Laffey, who was born and raised in Jersey City, began fencing foil when she was 10 years old and now competes as both a cadet (17 and under age group) and as a junior (20 and under). Her recent ascent on the national circuit began with an eighth place finish in the junior women’s foil category at the North American Cup in Portland, Ore., in January. “Something happened in Portland where it just clicked,” Laffey said last week. “I knew how to move and everything.”
She followed that performance with another impressive showing at the Cadet World Cup in Pisa, Italy last month, where Laffey nabbed fifth place. In mid-February, Laffey tied for third place in both juniors and cadets at the Junior Olympic Fencing Championships in Salt Lake City, Utah.

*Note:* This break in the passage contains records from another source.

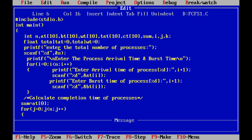The first input is: print 'enter number of processes', then scanf %d into n. Next, inside a for loop, we print 'enter arrival time of process i+1' — so in the first iteration, i is 0, giving 'enter arrival time of process 1'. We scanf %d into AT[i]. Similarly, we print 'enter burst time of process i+1' and scanf %d into BT[i], reading all processes.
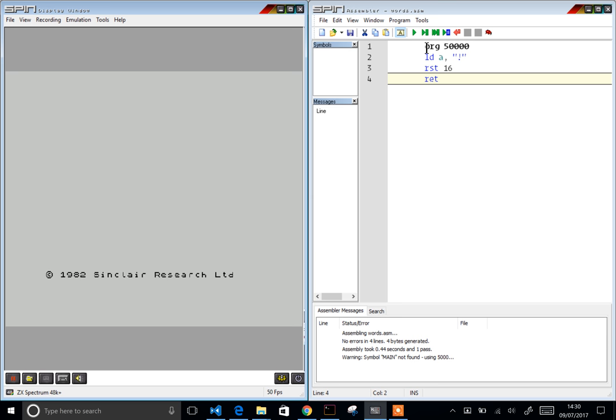So I've written a little program here, or copied a program here, which will just put an exclamation mark on the screen. Here I've booted up the Spectrum and the very first thing I'm going to do is type, and the K on the cursor there means command.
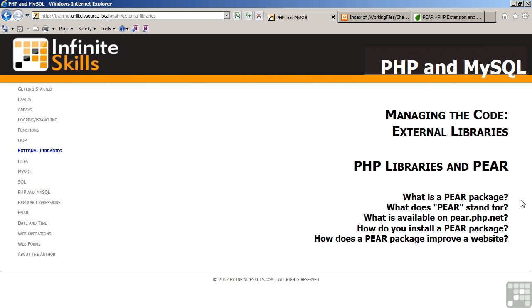This lesson will discuss PHP libraries in PEAR. The topics include: what is a PEAR package? What does PEAR stand for? What is available on PEAR.PHP.NET? How do you install a PEAR package? And how does a PEAR package improve a website?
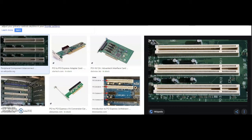PCI device drivers are programs designed to operate PCI devices located on the PCI bus. Each specific card or device on the PCI bus requires its own driver software. So that was PCI to PCI bridge device.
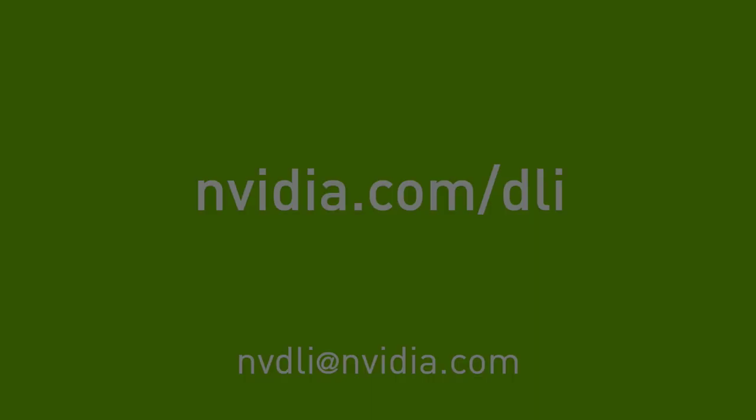To learn more, visit nvidia.com/DLI or email us at nvdli@nvidia.com.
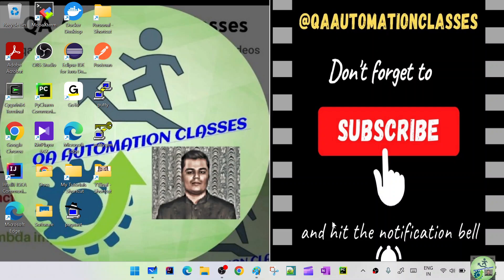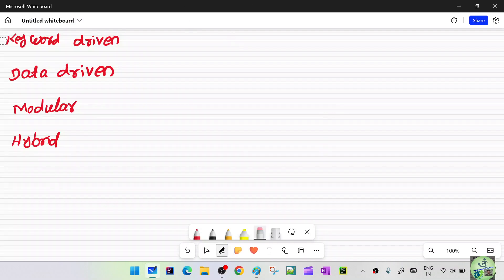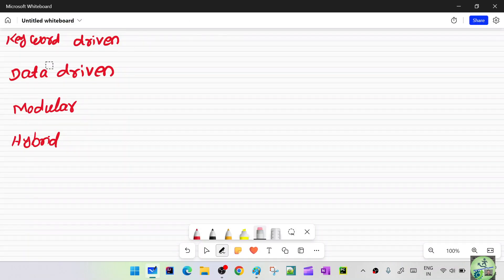So what are the different types of frameworks? We have different types. On the whiteboard I've listed out: keyword-driven framework, data-driven framework, modular framework, and hybrid framework.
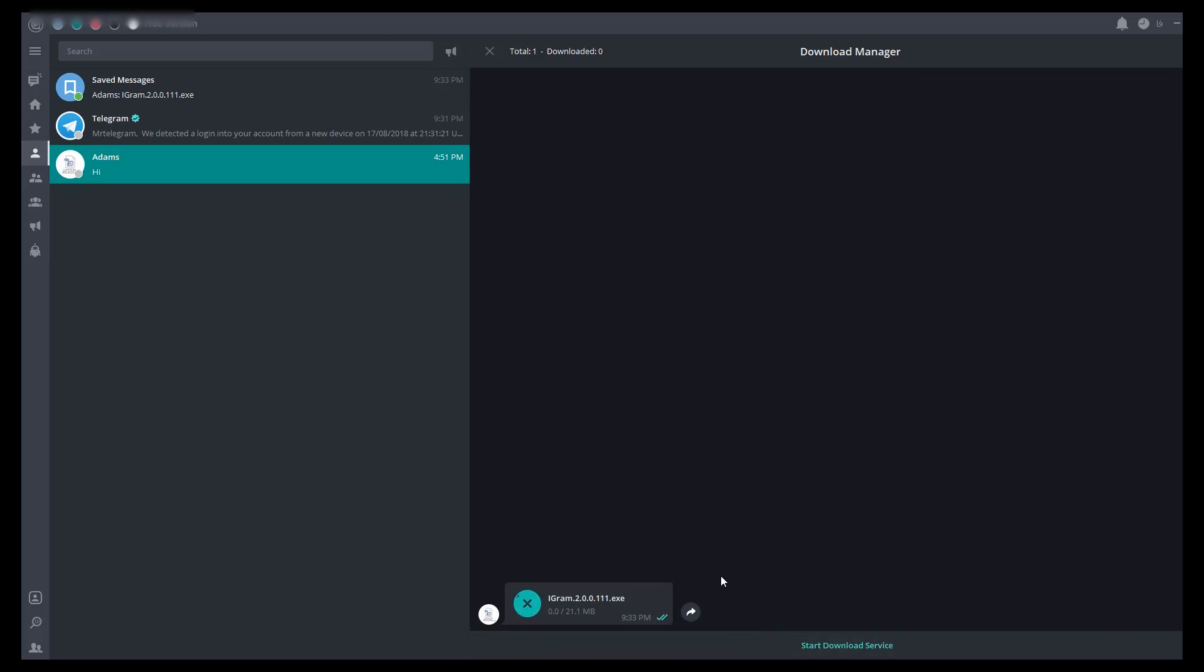Let's wait for the download to complete. Download is complete.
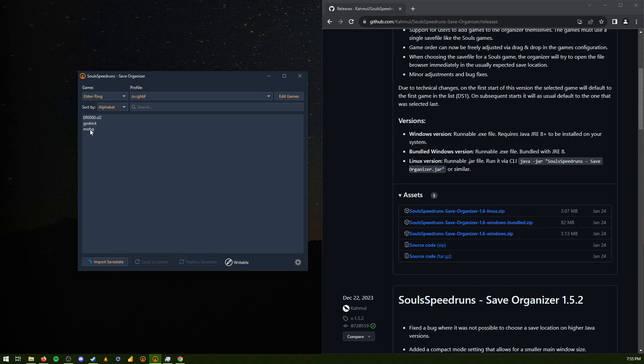But if you die, you just quit out, back to the main menu, load save, and then continue. Select continue. And it will go to where your save file is.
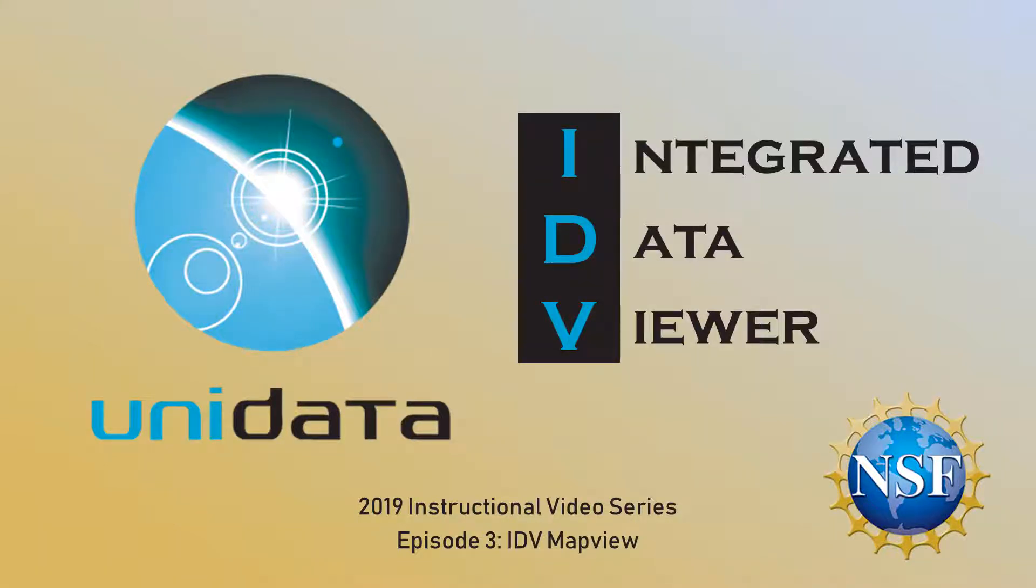This third episode in the 2019 introductory series to Unidata's Integrated Data Viewer explains the basic controls available in the Map View window.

The sport has taken her to international competitions in Hungary and Germany, as well as other national tournaments from Ohio to Texas to Reno, Nev. She is now ranked No. 4 and No. 11 nationally among women cadets and juniors, respectively, by the United States Fencing Association.
A junior at Glen Ridge High School, Laffey trains five or six days a week at the Cobra Fencing Club on Grove Street in Jersey City. She attended St. Dominic Academy as a freshman and sophomore before moving to Glen Ridge prior to this school year.
Laffey first picked up the sport as a 10-year-old when she was convinced by a classmate to join her team. Laffey’s initial interest in fencing caught her mother by surprise. “She came to me and said, ‘Mom, I want to fence,’ Laffey’s mother Kim Snyder said. “You want to do what? You want to fence?”
But Laffey immediately took to the sport, which relies not only on physical abilities but intellect and wits. Since first picking up a foil, Laffey has worked with coach Demetrios Valsamis and has steadily improved her physical skill set, as well as her mental approach to the sport.
“You have to figure out how to trick (your opponent) and have good enough technique to score even after you do something smart,” said Valsamis. “When she was young she always wanted to do things the right way, so she always had good balance and technique. In this last year, she really grew up mentally as a fencer. She became really tricky and tough and smart.”
Added Laffey: “I don’t think (people) realize how mentally tough you have to be and how you have to out-think your opponent.”
Laffey is currently the first alternate on the three-member U.S. National Cadet Women’s Foil Team, which will compete at the Junior and Cadet World Championships in Moscow, Russia starting Saturday. While she won’t make the trip to Russia unless a teammate gets injured, Laffey also eyes the 2016 Summer Olympics in Rio de Janeiro visit site.
But first she looks to earn a fencing scholarship to either Barnard or Northwestern, and names engineering as a possible field of study.
“At first I liked fencing and thought it was fun,” Laffey said. “It turned out that I got good kind of quickly … and I began to really love it.”